> visit japan > fucking love it > go back home > depressed as fuck > acquire new goal in life: > move to japan, become useless NEET, spend all day secretly taking pictures of japanese schoolgirls and masturbate to them
How do I achieve my dream, Sup Forums ?
Julian Peterson
you went to japan? how do you get out of the basement?? Can't leave more than 30ft
Michael Myers
Option 1: Win a lottery Option 2: Find some dumbass that will fund your life
Nathan Jenkins
I have a shit job that drains my soul but somehow pays well.
I have a penis, so no one will sponsor me.
Luke Richardson
lose the dick, become a chick
Lincoln Collins
Japan is suffering massive rural depopulation. This is what you do!
> start ringing businesses in rural Japan run by old people > introduce yourself, say you want to work for cheap > once someone is interested, ask them to support a work visa for you > travel over to Japan and work in the countryside > find a rural house - they are usually free or really cheap > live off the land, save money > on weekends take the train to nearest city to take your pics > enjoy life
Might even find some rural girls who want to experiment/shack up. It's not an easy life, but fulfilling and will cure your depression.
Isaac Scott
>Make kickstarter >Name it something like "Japan experience documentary" >Make up some bullshit about making a documentary on some cultural shit in Japan, or anything else you can think off, get creative >Receive money >Live off said money while not doing anything You wouldn't be the first to do something like that, just level up your speech skill, and random people will pay for your shenanigans no problemo.
Adam Roberts
Hey, that's not a bad idea. Just gotta learn Japanese first. Are the dialects in the country very different from standard Japanese?
I'm autistically retarded and dumb as a mule, so my charisma and speech level is unfortunately extremely low.
Kevin Thompson
You don't seem to understand buzzwords, being autistic can work as a marketing strategy "Help user with autism achieve his dream!"
Asher Long
never, Japan is a very xenophobic society and will only allow foreigners to become residents if they make some actual material contribution to the country.
If you plan is to be a NEET shitter they will smugly deny you and mock you on your way home.
BTW the native nipnops who act the NEET here are considered the dregs of society and are treated even worse than they are in the states.
Dylan Hall
You don't even need Japanese. Keep ringing until you find someone with a passable level of English.
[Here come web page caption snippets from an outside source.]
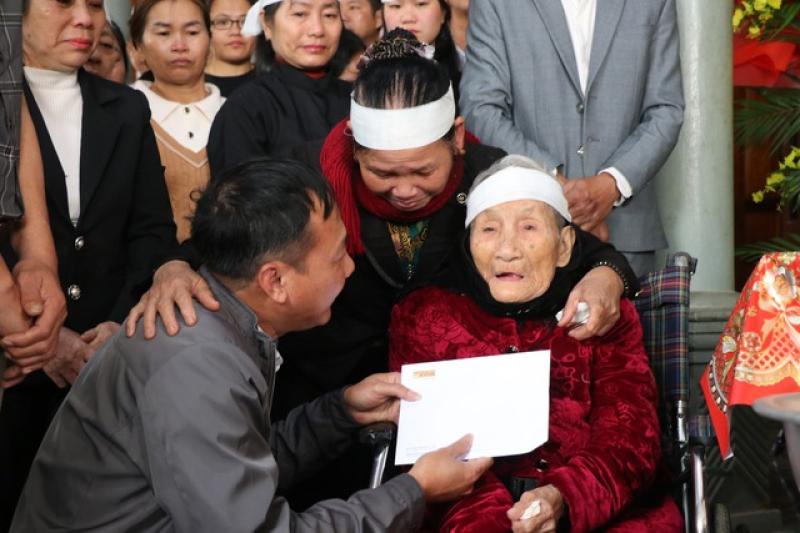 Những người mẹ trăm tuổi đón con 'trở về'- Ảnh 3.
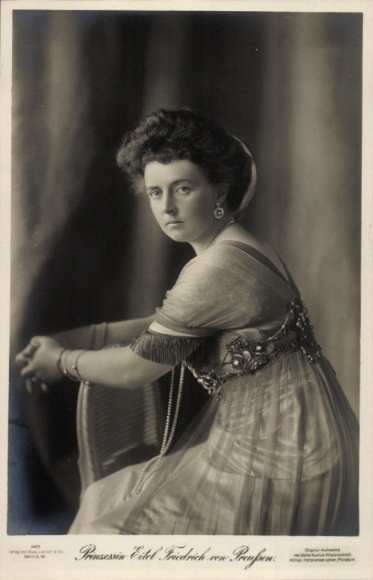 Postcard Princess Eitel Friedrich of Prussia, Duchess Sophie Charlotte of Oldenburg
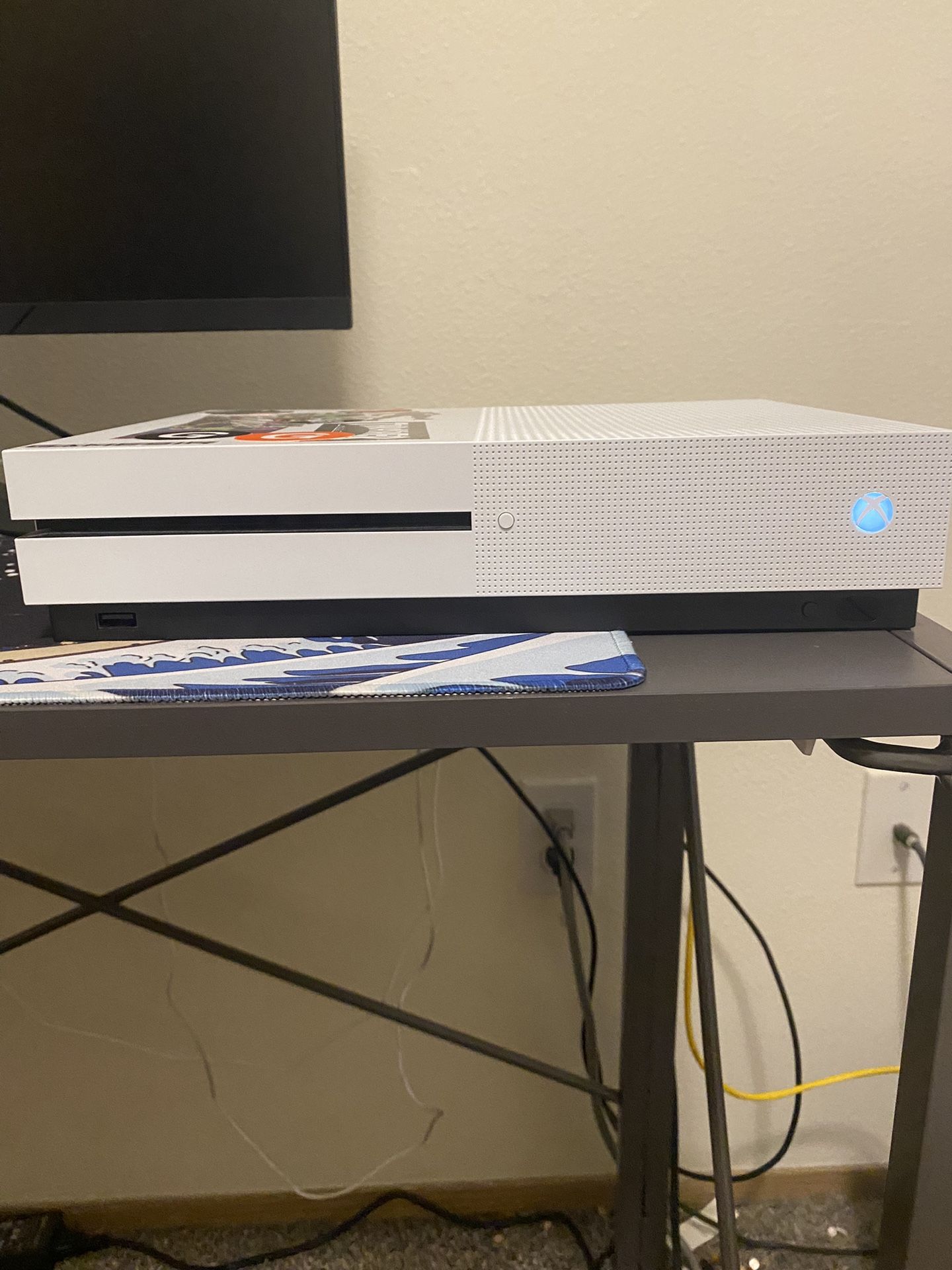 Xbox One S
Some older Japanese people love to host English speakers so they can practice.
Jack Nelson
Bleach your hair op japan chicks love bllnde haired dudes also get a scooter to get around. you will be knee deep in pussy your welcome
Benjamin Lewis
This idea is growing on me. Yet I think I would feel bad for going all Anita Sarkesian on people.
This is what worries me, too. I would either have to get some job where I could pretend I'm useful to society, or get by on my savings.
I don't even know basic Japanese at this point, so I have my work cut out for me. I'll be surprised if there are old people who know basic English there, I visited many shops in central Tokyo where they hardly understood English at all.
Benjamin Barnes
If I bleached my hair I'd just look like a boy band reject.
Dominic White
If I learned japanese id definitely move to japan when im 25 or something
Jeremiah Nelson
The jobs there are shit, though. You're expected to come early and stay late, often without proper pay.
James Johnson
Modify your face to look Japanese live illegally apply for a job with the yakuza Work your way up and enjoy happy creep fun times?
Henry Moore
AND you're supposed to smile and greet everyone everytime
Kevin Green
That the look that will get you laid dude stop being your self because it's not working and be someone else
Adam Kelly
>I'm never going to do any of this, but thanks for the circle jerk
Cooper Wright
The Yakuza would probably have no need for a retarded western dingues, I'm afraid.
Yeah, and bend over backwards to make sure the customer has their dicks shined. Fuck that.
John Lee
Genuinely good advice, but I don't know how to be someone cooler than me.
Oh, don't get me wrong, I really want to. I'm just scared, so I focus on the problems first.